Why does this code not see any significant performance gain when I use multiple threads on a quadcore machine?


Busy waiting can be a problem:

while (!executor.isTerminated() ) { } 

You can use awaitTermination() instead:

while (!executor.awaitTermination(1, TimeUnit.SECONDS)) {}


You are using BigInteger. It consumes a lot of register space. What you most likely have on the compiler level is register spilling that makes your process memory-bound.

Also note that when you are timing your results you are not taking into account extra time taken by the JVM to allocate threads and work with the thread pool.

You could also have memory conflicts when you are using constant Strings. All strings are stored in a shared string pool and so it may become a bottleneck, unless java is really clever about it.

Overall, I wouldn't advise using Java for this kind of stuff. Using pthreads would be a better way to go for you.


As @axtavt answered, busy waiting can be a problem. You should fix that first, as it is part of the answer, but not all of it.
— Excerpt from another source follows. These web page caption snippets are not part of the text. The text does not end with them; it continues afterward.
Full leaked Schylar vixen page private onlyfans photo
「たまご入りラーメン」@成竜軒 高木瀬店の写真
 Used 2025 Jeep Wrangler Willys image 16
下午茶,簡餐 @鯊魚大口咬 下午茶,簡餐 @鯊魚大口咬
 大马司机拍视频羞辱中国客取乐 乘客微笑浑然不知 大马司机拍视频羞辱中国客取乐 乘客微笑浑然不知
It won't appear to help in your case (on Q6600), because it seems to be bottlenecked at 2 cores for some reason, so another is available for the busy loop and so there is no apparent slowdown, but on my Core i5 it speeds up the 4-thread version noticeably.

I suspect that in the case of the Q6600 your particular app is limited by the amount of shared cache available or something else specific to the architecture of that CPU. The Q6600 has two 4MB L2 caches, which means CPUs are sharing them, and no L3 cache. On my core i5, each CPU has a dedicated L2 cache (256K, then there is a larger 8MB shared L3 cache. 256K more per-CPU cache might make a difference... otherwise something else architecture wise does.
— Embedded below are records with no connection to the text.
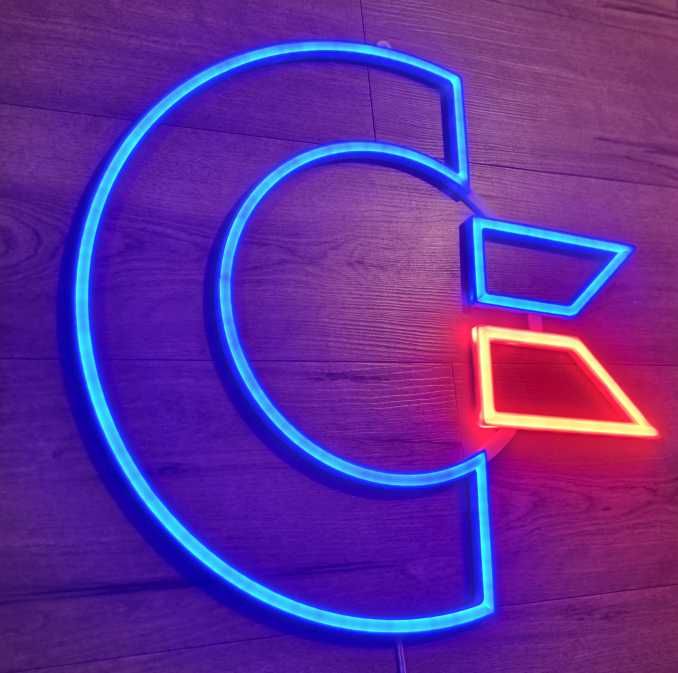 NEON Commodore C64 + kontroler bluetooth/pilot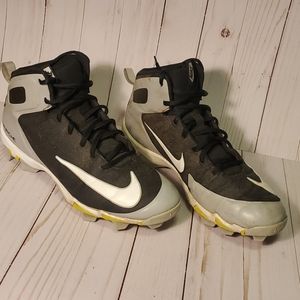 Nike 9.5 men's football cleats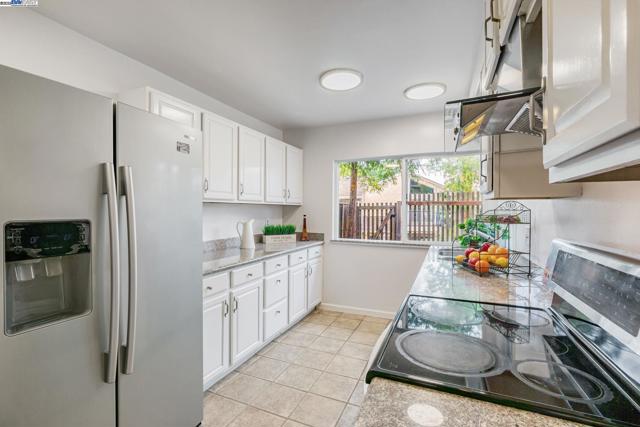208 Siskiyou Ct, Walnut Creek CA: https://media.crmls.org/mediaz/0e663737-273f-4fa5-9543-0490f52daa05.jpg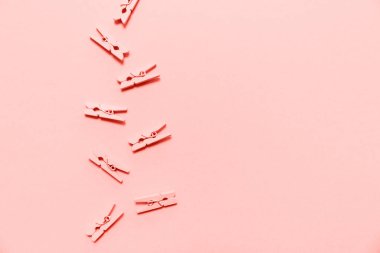 Arka plan elbise iğne ile. Yatay. Ultra violet sesi, 2018 yılın renk. Yaşam mercan Tema - 2019 yılın renk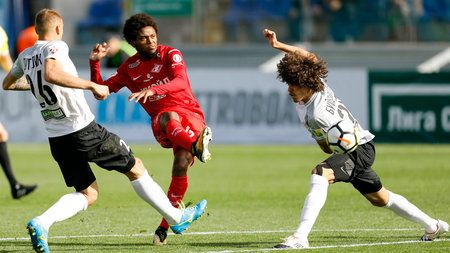 «Спартак» впервые обыграл «Тосно» и сократил отставание от «Локомотива» до двух очков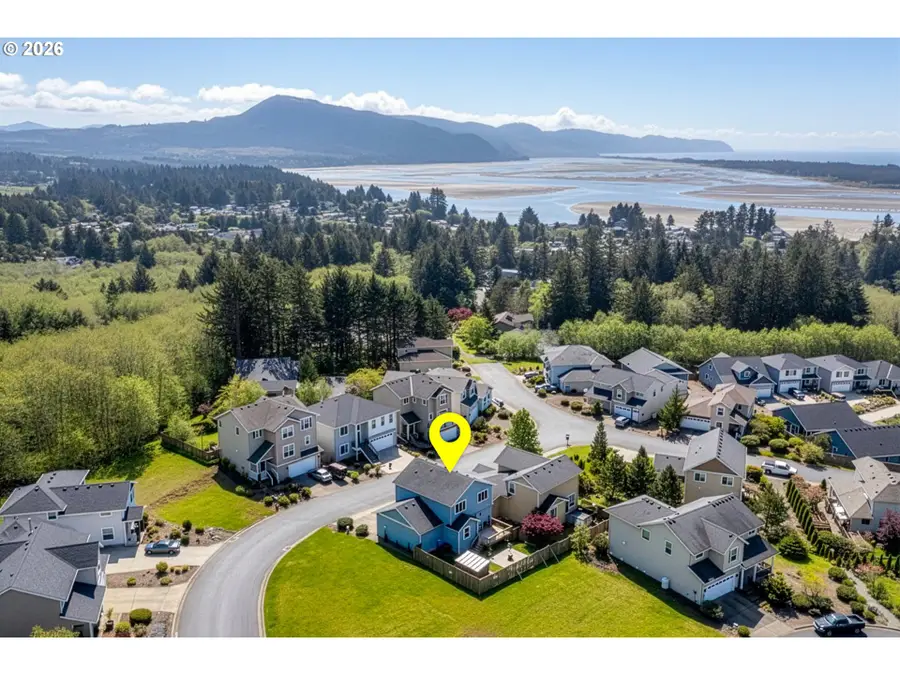 1550 Black Sands Way, Tillamook, OR 97141 - #2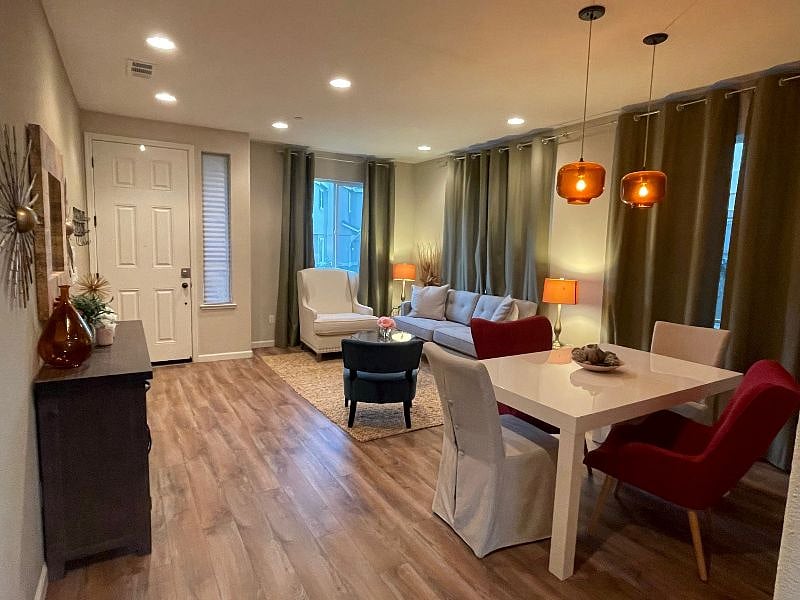 Furnished Finder property 335872_1 photo 10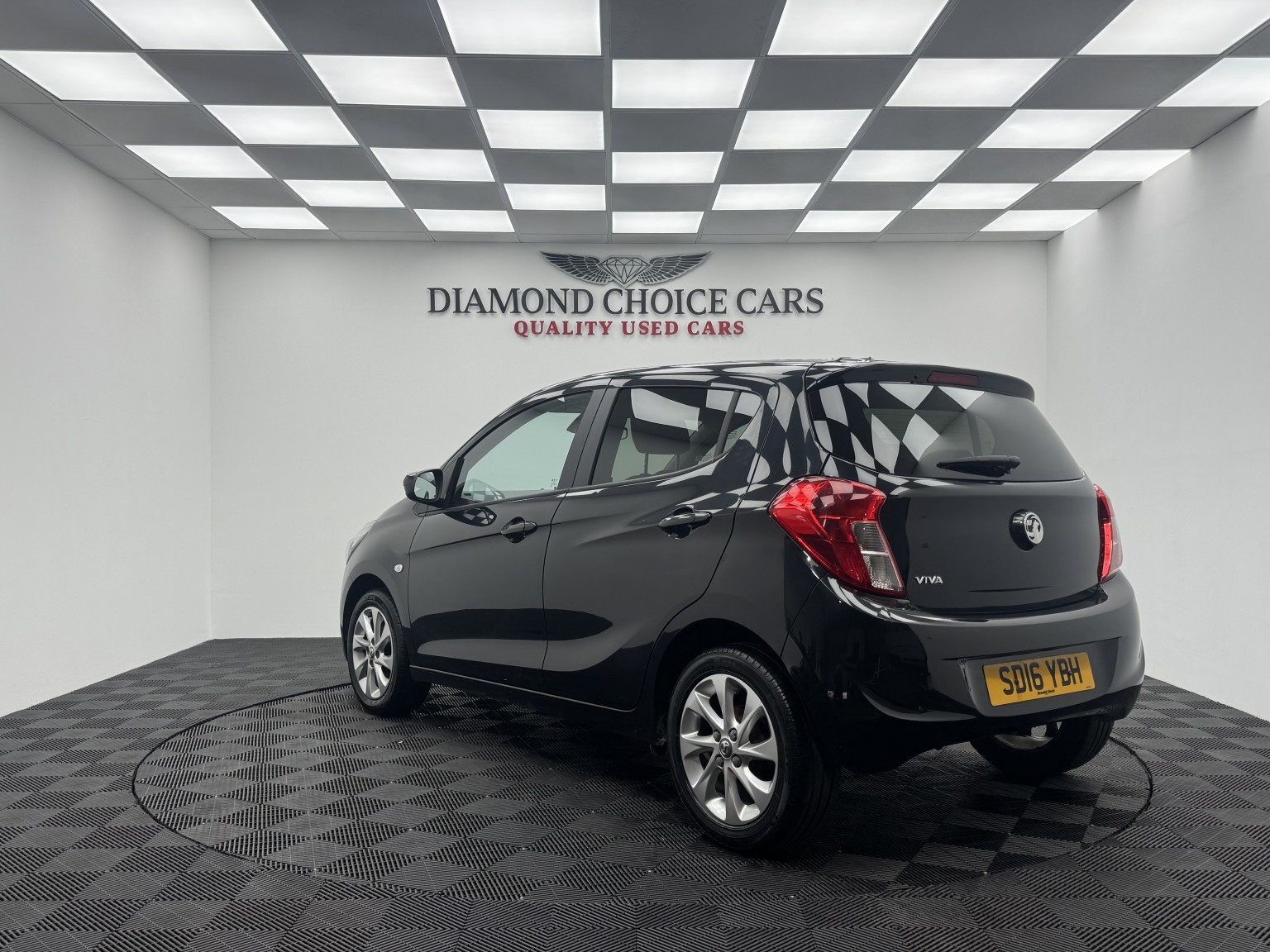 2016 Vauxhall VIVA 1.0 i SL, exterior view 4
Here is a comparison of a Q6600 running your Collatz.java, and a Core i5 750.

On my work PC, which is also a Q6600 @ 2.4GHz like yours, but with 6GB RAM, Windows 7 64-bit, and JDK 1.6.0_21* (64-bit), here are some basic results:

  • 10000000 500000 1 (avg of three runs): 36982 ms
  • 10000000 500000 4 (avg of three runs): 21252 ms

Faster, certainly - but not completing in quarter of the time like you would expect, or even half... (though it is roughly just a bit more than half, more on that in a moment). Note in my case I halved the size of the work units, and have a default max heap of 1500m.
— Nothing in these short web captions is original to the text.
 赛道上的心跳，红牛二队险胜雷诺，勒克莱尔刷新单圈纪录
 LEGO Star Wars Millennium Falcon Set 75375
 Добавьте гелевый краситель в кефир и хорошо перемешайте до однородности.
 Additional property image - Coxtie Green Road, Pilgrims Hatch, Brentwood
At home on my Core i5 750 (4 cores no hyperthreading), 4GB RAM, Windows 7 64-bit, jdk 1.6.0_22 (64-bit):

  • 10000000 500000 1 (avg of 3 runs) 32677 ms
  • 10000000 500000 4 (avg of 3 runs) 8825 ms
  • 10000000 500000 4 (avg of 3 runs) 11475 ms (without the busy wait fix, for reference)

the 4 threads version takes 27% of the time the 1 thread version takes when the busy-wait loop is removed. Much better. Clearly the code can make efficient use of 4 cores...

  • NOTE: Java 1.6.0_18 and later have modified default heap settings - so my default heap size is almost 1500m on my work PC, and around 1000m on my home PC.

You may want to increase your default heap, just in case garbage collection is happening and slowing your 4 threaded version down a bit. It might help, it might not.

At least in your example, there's a chance your larger work unit size is skewing your results slightly...halving it may help you get closer to at least 2x the speed since 4 threads will be kept busy for a longer portion of the time. I don't think the Q6600 will do much better at this particular task...whether it is cache or some other inherent architecture thing.

In all cases, I am simply running "java Collatz 10000000 500000 X", where x = # of threads indicated.

The only changes I made to your java file were to make one of the println's into a print, so there were less linebreaks for my runs with 500000 per work unit so I could see more results in my console at once, and I ditched the busy wait loop, which matters on the i5 750 but didn't make a difference on the Q6600.